Rangel is charged with violating 13 ethics rules, which include failing to pay taxes on offshore property and improperly soliciting $8 million for an academic center that would bear his name at the City College of New York.
Unless Rangel reaches a settlement on the charges, he could be put on trial by a congressional committee in September as elected officials enter the home stretch for the mid-term elections.
The subcommittee that investigated him discussed settlement options with Rangel’s attorneys during a preliminary hearing this week but they reached no agreement.
As a result, the subcommittee referred the case to the full House Ethics Committee.
“Mr. Rangel was given multiple opportunities to settle this matter,” said Rep. Jo Bonner (R-Ala.), a member of the subcommittee. “Instead, he chose to move forward into this public trial phase.”
Rangel did not appear at the preliminary hearing with the subcommittee that investigated him.
Other options the panel considered included a fine, censure and expulsion from Congress.
A reprimand consists of a public statement denouncing the actions of the offender. It carries no jail time or financial penalty. It would require a majority vote of Congress.
Rangel continues to say that he has done nothing wrong.
“Even though they are serious charges, I’m prepared to prove that the only thing I’ve ever had in my 50 years of public service is service,” Rangel told reporters. “That’s what I’ve done and if I’ve been overzealous providing that service, I can’t make an excuse for the serious violations.”
He already resigned his position in March as chairman of the House Ways and Means Committee, which writes the nation’s tax laws.
He resigned after a House ethics panel raised the first set of accusations against him, saying that he had improperly accepted trips to the Caribbean paid by corporations.

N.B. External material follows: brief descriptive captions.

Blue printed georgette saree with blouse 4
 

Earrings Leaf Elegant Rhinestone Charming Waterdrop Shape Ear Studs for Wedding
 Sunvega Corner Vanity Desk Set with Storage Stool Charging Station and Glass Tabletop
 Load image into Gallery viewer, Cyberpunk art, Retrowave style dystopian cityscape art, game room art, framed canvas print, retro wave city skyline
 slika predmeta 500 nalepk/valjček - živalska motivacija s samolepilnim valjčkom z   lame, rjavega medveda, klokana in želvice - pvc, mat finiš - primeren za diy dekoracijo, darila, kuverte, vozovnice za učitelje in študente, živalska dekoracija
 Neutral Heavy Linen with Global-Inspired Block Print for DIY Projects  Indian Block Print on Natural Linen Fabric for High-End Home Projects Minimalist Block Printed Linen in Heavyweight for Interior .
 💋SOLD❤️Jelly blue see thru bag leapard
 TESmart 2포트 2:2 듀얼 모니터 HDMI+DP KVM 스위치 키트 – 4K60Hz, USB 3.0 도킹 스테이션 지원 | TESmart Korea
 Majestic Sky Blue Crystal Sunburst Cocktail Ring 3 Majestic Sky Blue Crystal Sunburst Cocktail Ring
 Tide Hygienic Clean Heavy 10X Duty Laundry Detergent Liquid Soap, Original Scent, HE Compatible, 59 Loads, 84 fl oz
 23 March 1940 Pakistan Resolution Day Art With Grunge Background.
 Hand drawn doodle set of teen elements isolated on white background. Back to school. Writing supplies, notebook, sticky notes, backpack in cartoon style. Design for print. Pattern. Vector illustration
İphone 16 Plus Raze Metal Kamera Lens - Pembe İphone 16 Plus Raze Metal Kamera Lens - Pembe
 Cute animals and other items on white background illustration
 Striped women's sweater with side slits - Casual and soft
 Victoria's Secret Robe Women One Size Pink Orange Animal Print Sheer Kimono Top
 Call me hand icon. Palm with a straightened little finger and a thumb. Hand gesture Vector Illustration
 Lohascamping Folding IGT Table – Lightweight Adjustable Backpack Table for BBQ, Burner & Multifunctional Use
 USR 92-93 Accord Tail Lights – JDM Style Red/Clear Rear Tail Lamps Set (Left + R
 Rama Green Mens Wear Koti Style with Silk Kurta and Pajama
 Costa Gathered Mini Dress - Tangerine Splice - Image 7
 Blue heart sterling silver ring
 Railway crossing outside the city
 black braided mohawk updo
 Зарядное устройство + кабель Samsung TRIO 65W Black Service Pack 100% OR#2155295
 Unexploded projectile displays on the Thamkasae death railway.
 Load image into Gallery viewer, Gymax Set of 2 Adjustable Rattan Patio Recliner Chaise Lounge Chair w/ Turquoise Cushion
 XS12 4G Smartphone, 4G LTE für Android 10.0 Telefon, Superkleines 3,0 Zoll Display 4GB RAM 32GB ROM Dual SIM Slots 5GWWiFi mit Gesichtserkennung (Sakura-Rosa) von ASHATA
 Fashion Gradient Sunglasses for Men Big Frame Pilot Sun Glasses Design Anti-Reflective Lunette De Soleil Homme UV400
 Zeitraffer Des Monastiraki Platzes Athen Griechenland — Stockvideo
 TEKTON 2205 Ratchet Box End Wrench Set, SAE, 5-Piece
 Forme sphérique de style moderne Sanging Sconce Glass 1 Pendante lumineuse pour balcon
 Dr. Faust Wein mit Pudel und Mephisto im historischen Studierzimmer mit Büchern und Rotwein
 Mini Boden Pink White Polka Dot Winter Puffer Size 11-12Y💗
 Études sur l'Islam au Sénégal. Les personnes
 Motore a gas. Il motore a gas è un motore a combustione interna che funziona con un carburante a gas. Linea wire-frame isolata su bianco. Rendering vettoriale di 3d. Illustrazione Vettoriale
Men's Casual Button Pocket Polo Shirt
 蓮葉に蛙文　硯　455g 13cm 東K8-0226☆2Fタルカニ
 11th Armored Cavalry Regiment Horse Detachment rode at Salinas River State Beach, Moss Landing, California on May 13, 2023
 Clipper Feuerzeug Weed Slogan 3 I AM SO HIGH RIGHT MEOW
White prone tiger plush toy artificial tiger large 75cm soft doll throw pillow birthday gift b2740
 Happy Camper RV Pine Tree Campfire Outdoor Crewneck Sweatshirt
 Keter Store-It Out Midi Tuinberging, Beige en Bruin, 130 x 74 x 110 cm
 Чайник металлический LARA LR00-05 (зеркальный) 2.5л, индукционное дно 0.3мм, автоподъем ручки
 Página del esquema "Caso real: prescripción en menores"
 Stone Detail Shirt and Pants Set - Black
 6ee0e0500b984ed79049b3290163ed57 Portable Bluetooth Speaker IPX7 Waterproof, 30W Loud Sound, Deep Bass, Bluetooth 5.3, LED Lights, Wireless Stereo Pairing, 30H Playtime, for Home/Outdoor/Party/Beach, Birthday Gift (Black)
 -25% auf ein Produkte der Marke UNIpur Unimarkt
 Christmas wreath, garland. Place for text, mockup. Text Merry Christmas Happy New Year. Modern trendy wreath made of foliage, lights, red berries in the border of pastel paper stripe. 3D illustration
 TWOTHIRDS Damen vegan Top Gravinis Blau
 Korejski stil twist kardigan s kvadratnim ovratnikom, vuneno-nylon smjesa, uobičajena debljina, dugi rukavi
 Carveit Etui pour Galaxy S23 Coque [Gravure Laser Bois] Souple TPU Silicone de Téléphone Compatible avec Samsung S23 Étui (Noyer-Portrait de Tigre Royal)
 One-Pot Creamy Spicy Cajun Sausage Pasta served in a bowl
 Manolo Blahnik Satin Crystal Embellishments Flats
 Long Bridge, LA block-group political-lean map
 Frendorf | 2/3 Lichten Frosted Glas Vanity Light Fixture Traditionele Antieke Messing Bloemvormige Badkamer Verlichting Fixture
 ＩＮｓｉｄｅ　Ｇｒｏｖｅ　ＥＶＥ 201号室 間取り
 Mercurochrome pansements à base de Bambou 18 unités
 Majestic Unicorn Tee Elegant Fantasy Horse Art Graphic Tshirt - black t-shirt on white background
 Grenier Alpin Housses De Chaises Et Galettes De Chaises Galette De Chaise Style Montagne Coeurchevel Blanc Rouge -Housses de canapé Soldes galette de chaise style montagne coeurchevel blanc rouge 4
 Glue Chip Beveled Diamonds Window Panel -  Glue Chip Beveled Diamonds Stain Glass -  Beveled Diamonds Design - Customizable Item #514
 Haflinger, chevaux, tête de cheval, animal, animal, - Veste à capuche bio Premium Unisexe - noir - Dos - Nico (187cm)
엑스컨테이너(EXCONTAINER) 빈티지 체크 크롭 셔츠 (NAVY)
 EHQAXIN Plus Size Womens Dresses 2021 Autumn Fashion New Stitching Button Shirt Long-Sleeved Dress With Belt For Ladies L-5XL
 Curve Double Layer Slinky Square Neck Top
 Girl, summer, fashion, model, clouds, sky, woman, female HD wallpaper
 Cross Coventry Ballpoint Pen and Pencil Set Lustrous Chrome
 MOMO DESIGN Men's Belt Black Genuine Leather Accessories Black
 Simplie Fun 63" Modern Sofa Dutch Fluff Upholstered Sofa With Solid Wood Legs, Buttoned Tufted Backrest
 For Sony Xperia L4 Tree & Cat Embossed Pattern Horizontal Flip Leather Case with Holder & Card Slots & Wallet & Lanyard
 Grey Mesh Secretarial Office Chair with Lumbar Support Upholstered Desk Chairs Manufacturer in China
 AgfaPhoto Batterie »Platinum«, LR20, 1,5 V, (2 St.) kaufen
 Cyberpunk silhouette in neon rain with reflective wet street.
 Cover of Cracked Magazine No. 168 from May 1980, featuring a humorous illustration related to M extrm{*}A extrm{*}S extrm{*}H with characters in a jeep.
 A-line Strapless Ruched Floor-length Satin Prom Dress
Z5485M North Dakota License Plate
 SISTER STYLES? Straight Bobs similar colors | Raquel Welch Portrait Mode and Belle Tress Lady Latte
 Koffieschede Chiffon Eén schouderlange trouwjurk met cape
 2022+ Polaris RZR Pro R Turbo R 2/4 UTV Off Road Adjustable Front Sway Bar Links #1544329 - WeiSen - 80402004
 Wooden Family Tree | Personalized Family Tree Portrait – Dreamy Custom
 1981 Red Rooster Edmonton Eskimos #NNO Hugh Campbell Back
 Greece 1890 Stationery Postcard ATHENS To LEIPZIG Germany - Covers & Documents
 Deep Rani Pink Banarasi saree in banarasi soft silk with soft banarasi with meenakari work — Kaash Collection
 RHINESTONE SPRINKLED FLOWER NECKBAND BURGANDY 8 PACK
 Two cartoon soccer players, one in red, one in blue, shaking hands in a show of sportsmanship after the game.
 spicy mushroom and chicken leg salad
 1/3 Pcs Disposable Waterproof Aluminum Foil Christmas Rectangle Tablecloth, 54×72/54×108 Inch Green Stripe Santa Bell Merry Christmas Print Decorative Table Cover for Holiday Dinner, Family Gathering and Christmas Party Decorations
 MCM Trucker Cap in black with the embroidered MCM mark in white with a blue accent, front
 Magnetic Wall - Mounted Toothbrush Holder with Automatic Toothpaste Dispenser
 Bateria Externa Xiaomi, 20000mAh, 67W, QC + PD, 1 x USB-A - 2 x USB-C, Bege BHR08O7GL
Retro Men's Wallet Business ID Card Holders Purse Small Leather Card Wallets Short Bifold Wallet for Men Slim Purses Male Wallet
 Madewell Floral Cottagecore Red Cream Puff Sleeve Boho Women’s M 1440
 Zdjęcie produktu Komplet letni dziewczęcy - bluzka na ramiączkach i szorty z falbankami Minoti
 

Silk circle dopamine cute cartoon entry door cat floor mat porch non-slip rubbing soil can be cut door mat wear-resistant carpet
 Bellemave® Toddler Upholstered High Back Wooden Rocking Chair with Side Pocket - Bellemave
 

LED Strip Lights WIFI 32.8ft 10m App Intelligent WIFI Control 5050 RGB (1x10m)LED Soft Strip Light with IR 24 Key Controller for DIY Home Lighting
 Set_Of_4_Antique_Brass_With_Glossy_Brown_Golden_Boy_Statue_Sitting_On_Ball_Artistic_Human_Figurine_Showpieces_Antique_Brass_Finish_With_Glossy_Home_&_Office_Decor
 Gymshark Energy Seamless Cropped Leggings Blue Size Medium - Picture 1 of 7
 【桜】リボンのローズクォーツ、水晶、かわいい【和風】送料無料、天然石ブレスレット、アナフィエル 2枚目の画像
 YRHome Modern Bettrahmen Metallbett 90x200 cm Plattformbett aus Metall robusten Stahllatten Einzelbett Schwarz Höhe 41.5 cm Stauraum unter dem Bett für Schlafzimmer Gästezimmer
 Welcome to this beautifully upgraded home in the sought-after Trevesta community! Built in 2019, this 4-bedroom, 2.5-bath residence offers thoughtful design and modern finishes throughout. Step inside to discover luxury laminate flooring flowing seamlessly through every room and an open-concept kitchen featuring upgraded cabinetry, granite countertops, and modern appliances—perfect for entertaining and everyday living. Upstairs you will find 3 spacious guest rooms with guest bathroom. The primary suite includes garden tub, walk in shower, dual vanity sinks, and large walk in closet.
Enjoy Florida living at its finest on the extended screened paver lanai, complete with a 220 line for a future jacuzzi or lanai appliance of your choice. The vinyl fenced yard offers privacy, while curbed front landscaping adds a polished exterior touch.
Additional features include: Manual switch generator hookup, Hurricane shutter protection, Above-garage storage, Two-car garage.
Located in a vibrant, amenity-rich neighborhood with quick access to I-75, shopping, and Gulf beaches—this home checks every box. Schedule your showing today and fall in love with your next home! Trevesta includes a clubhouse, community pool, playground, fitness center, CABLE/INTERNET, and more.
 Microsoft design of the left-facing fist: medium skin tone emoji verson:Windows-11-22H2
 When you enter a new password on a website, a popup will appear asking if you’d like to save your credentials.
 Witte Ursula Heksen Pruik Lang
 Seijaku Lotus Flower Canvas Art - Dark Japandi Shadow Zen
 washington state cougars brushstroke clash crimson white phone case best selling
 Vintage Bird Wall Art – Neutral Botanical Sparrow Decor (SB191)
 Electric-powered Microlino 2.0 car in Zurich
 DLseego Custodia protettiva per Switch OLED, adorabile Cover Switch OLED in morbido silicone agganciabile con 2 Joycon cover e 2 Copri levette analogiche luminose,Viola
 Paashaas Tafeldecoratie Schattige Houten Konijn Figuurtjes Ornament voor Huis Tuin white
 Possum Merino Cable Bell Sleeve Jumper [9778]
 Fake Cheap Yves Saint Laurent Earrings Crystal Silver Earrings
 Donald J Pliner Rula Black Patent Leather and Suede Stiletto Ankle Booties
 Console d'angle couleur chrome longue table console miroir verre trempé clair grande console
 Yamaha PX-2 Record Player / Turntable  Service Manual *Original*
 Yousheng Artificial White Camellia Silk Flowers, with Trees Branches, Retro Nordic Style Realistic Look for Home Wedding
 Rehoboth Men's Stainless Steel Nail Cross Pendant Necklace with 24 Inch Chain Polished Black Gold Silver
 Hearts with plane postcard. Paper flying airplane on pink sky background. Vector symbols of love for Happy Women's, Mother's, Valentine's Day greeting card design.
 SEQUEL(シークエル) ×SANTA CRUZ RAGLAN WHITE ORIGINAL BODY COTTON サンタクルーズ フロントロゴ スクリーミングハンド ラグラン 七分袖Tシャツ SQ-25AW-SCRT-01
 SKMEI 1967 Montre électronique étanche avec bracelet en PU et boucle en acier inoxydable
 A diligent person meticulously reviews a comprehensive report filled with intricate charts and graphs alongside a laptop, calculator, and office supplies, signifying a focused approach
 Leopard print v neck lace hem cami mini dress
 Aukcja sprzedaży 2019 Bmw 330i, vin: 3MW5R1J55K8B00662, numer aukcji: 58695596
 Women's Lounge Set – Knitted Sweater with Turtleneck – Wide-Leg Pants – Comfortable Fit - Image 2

A more complete list of charges announced this week accuses him of failing to report rental income on a villa he owned in the Dominican Republic, failing to disclose more than $600,000 in assets, accepting a rent-stabilized apartment in New York for his campaign headquarters and evading federal taxes.
The solicitations of money he made on congressional letterhead for the academic center in New York were allegedly sent to corporations that had business before his committee.
His fellow Democrats say a public trial for Rangel could hurt their election chances in November.
Popular opinion polls show Democrats could lose their majority in Congress as disenchantment grows with the Obama administration.
Nevertheless, White House spokesman Robert Gibbs said the House subcommittee took “the right course” by recommending a trial for the powerful congressman. Rangel represents a district in the Harlem section of New York City.
“There is a bipartisan committee in the House that’s looking into some very serious charges,” Gibbs said on ABC television’s “Good Morning America” show Friday morning. “We believe that’s the right course and we’re not going to pre-judge the outcome of that trial.”
The committee scheduled to preside over the trial consists of four Democrats and four Republicans.
Karl Rove, former senior advisor to President George W. Bush, said on a talk show Friday that “if this [trial of Rangel] happens in September, this is not good for Democrats. It chews up space they would like to be devoting to other issues, and highlights what people think about Congress, which is it’s led by a bunch of people who think one set of rules apply to them and one set of rules apply to the rest of the American people.”